Now since Coulomb's law has the same $1/r^2$ dependence as Newtonian gravity, we know from Newton's shell theorem that the electric field $\vec{E}$ is radial, and given by $$ E_r~=~\frac{Q}{r^2}\theta(r-a)+\frac{Qr}{a^3} \theta(a-r) , \tag{2}$$ cf. e.g. this Phys.SE post and links therein.

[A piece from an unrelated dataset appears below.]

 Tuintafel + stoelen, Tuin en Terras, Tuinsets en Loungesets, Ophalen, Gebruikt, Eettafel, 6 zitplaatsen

If we wish, we can integrate to find the potential $$\begin{align} \Phi(r)~=~&\int_r^{\infty}\! dr^{\prime}~E_r(r^{\prime})\cr ~\stackrel{(2)}{=}~& \frac{Q}{r}\theta(r-a)+\frac{Q}{2a}\left(3-\frac{r^2}{a^2}\right) \theta(a-r) \cr ~\stackrel{(1)}{=}~&2\pi \rho_0 \left(\frac{2a^3}{r}\theta(r-a)+\left(a^2-\frac{r^2}{3}\right) \theta(a-r)\right).\end{align}\tag{3}$$
Instead of integrating and then applying the Laplacian, we can also differentiate the electric field (2) directly to deduce that $$\begin{align} - \Delta\Phi~=~& \vec{\nabla}\cdot \vec{E}\cr ~=~&\frac{1}{r^2}\frac{\partial}{\partial r} (r^2E_r)\cr ~\stackrel{(2)}{=}~&\frac{3Q}{a^3}\theta(a-r)\cr ~\stackrel{(1)}{=}~&4\pi\rho_0\theta(a-r)\cr~\stackrel{(1)}{=}~&4\pi\rho.\end{align}\tag{4} $$ Eq. (4) is Poisson's equation in Gaussian's units. It can be viewed as a version of George Green's formula listed in the beginning of OP's post. The rhs. of eq. (4) unsurprisingly confirms that the charge density is $\rho_0$ inside the ball, and zero outside.
Finally, note that when differentiating the Heaviside step functions from eq. (2), that the possible Dirac delta distribution terms $\delta(r-a)$ in eq. (4) precisely cancel, i.e. the ball has no surface charge.